The Winter 2017-2018 load peak occurred during an intense cold snap. From December 29 to January 8 the temperature did not get above freezing and there were four days with below freezing temperatures as shown in the table of Daily temperature and load statistics. Note that the highest load did not occur on the coldest day. This was because the coldest day was a Saturday when business loads are lower. Also note that the New Year’s holiday occurred during this period which also reduced the load. The graph of load, temperature and wind speed for winter peak 2017-2018 shows how hourly load varies with temperature over the 15 day peak period.

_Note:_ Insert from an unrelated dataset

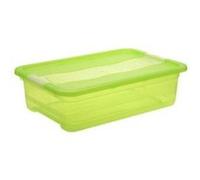 keeeper Boîte de rangement Cornelia plate 7 l – Transparent, avec couvercle et fermeture coulissante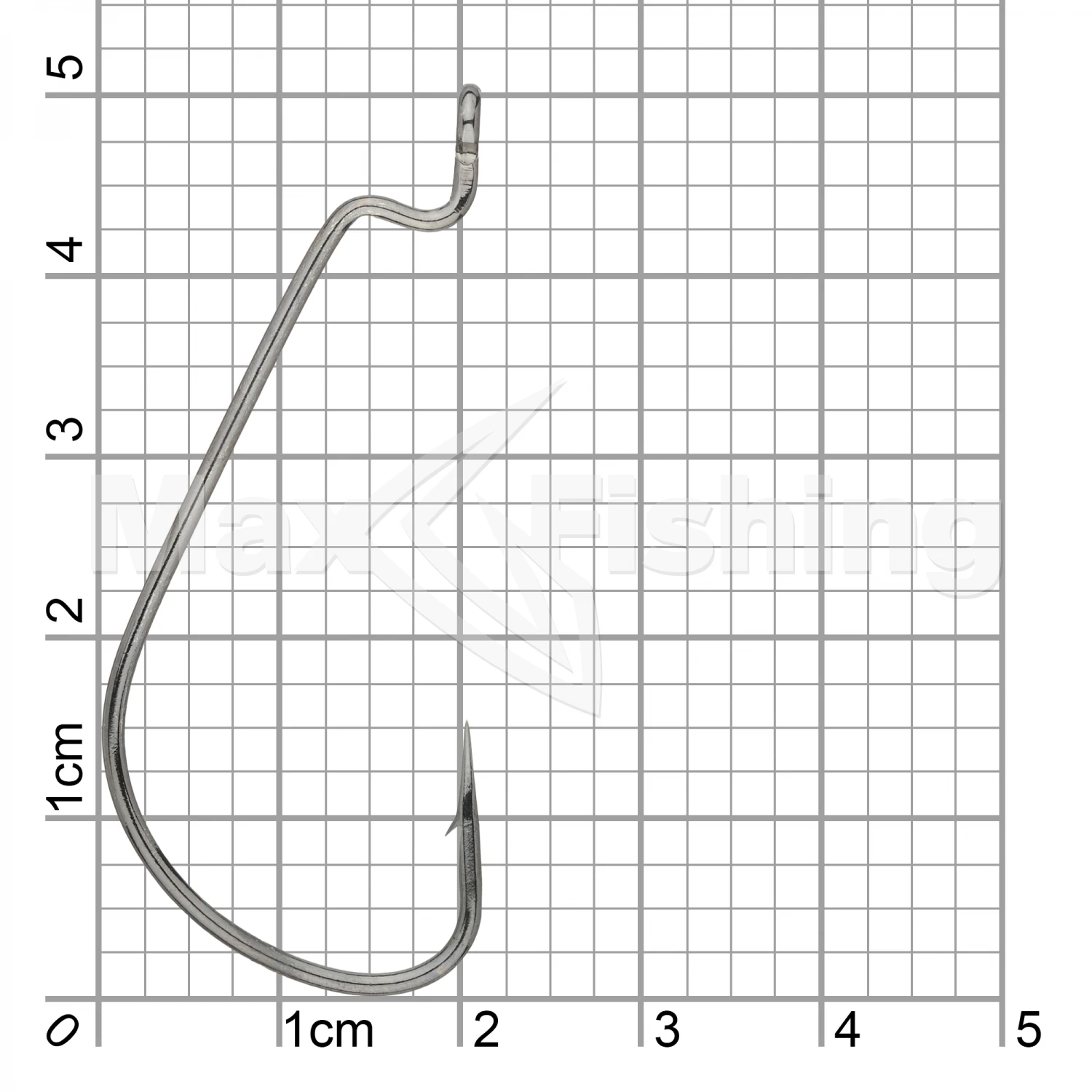 Крючок офсетный Metsui Wide Range Worm #3/0 black nikel (6шт)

In order to estimate how much renewable energy would be available during these conditions I converted to solar insolation and wind speed into power generated in MW using example utility-scale facilities. For solar power I used the 180 MW Horseshoe Solar Farm estimated output because it is near the NYS mesonet stations. In my analysis of Solar Issues in Upstate New York using that facility I assumed that 180 MW of power would be generated when the solar insolation equaled 600 watts per square meter and power output the rest of the time would be proportional so observed solar insolation. I believe that is a conservative assumption but would welcome comment.

There aren’t any wind farms nearby. So I estimated power output for a 100 MW wind farm. I found a reference that stated “Wind turbines start operating at wind speeds of 4 to 5 metres per second and reach maximum power output at around 15 metres/second”. I assumed that below 9 mi/hr wind output was zero and that power output was proportional to the wind speed difference between 9 mi/hr and 33 mi/hr consistent with that reference. The NYS mesonet measures wind at 10m and I assumed that the wind farm hub height was 90m. I modified observe wind speed using the wind profile power law with a coefficient of 1/7 to account for the relationship between wind speed and height.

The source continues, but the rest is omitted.